Culture is represented by the behaviors and decision-making of an organization, including expectations, assumptions, perceptions, norms, habits and influences. The best shorthand definition is that culture is a set of values that everyone can use as a compass for “how things are around here.”

Culture isn’t only about mood (“Are employees happy?”). It’s wider, deeper and more lasting. Culture is most practically represented by a set of values all colleagues can remember and use as a guide for how to behave, work and make decisions as part of this organization.

Culture is core to how the business operates and performs; it’s not an add-on or a “nice-to-have.” People run businesses, so how they behave impacts the performance of their businesses.
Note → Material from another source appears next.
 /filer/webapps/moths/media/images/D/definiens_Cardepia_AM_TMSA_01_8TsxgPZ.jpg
As a result, culture must align with strategy to underpin what the organization needs to deliver; there’s no point in having a disruptive, innovative culture if your strategy is to maintain and defend market positions and deliver through slow, continuous improvement. This misalignment could create confusion or even conflict.
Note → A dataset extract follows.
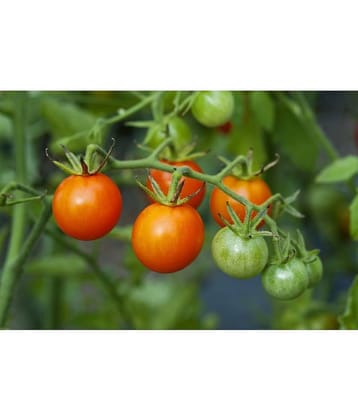 homeagro - Tomato Vegetable ( 100 Seeds )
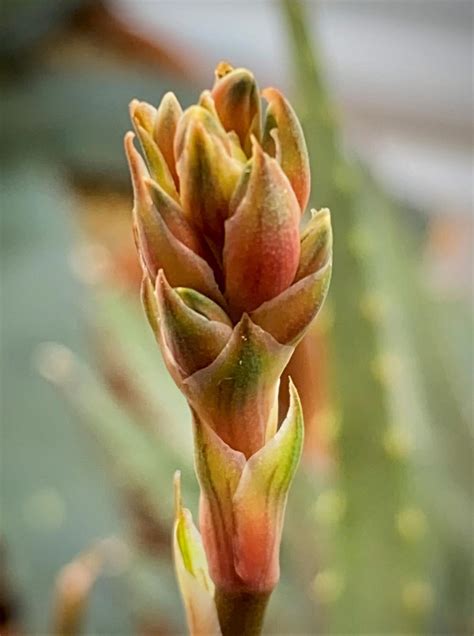 Aloe Safari Sunrise In The Aloes Database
Don’t forget to familiarize yourself with why your organization’s culture needs to shift, how big the gap is between where it is and where it needs to be, and where the tricky areas are. As an L&D leader, this understanding will help you hone in on the real issues.

How Does Culture Shift?

Culture change takes time (since it’s about forming new habits), it won’t be precise (since it’s about human behavior rather than a controlled experiment in a lab) and it can’t be done to a person by someone else. It does take coordination to ensure the overall environment is conducive to providing both the sticks and the carrots to influence employees to shift those habits and behaviors.

Think of culture change as a set of dials that need to work in harmony to find the right balance:

  • Clear messaging
  • Leaders who practice and espouse what they are asking of everyone else
  • Shifting processes, policies and practices to amplify and reinforce the expected culture
  • Communications that symbolize what is required for the new culture
  • Volunteer change agents across the organization who add momentum at all levels
  • Decisions that start to use not just the strategy but the culture as well as the basis for support.

Someone needs to oversee all of these dials to ensure they’re working together consistently and aren’t just a mass of random activity. L&D plays an important part in helping to deepen and reinforce how culture is core to business performance and to embed its consistent application.

How Does L&D Play Its Part?

Let’s assume you aren’t the person overseeing those dials, but your role is the functional expert: applying your L&D skills to make a difference. Here are some tips that will help.

Don’t restrict your thinking to the one audience (learners), but think more broadly.

  • How can you use your understanding of how people learn and develop to help the person leading the change to shape the plan?
  • When the communications team and change agents are communicating new cultural expectations and engaging employees around them, how can you use your expertise to ensure that they create and deliver attention-grabbing and engaging sessions to raise awareness and understanding?

Don’t scrimp on the core functional role.

  • In development programs for high-potential and senior leaders, include sessions that focus on cultural dilemmas. The people who cast the longest shadow in the organization need the most intense help to practice espousing and living the culture. What interests the leaders fascinates everyone else; do it right, and the good stuff is amplified.
  • Weave references to culture (both the importance of it and the content of it) into any program you are developing or running. Put the course in the context of where the whole organization is heading — which means strategy and culture together. Never miss an opportunity to ground learning in the big picture.
  • Don’t separate culture as a separate program (beyond initial engagement sessions), unless it is within ethics and compliance training that focus solely on behavioral and decision-making dilemmas. This training is the ideal place to work through the specifics on culture. Values and culture work hand in hand. Ask people to talk about the issues and work through examples.

Beyond the Classroom

Of course, the L&D leader is also a member of the organization and, like everyone else, has an impact on the culture every day, whether conscious or not. How are you working within the cultural expectations every day? Do you refer to them and give others the sense that they are important for performance? Never forget to look in the mirror to check that you are being consistent with the culture whose creation you’re supporting.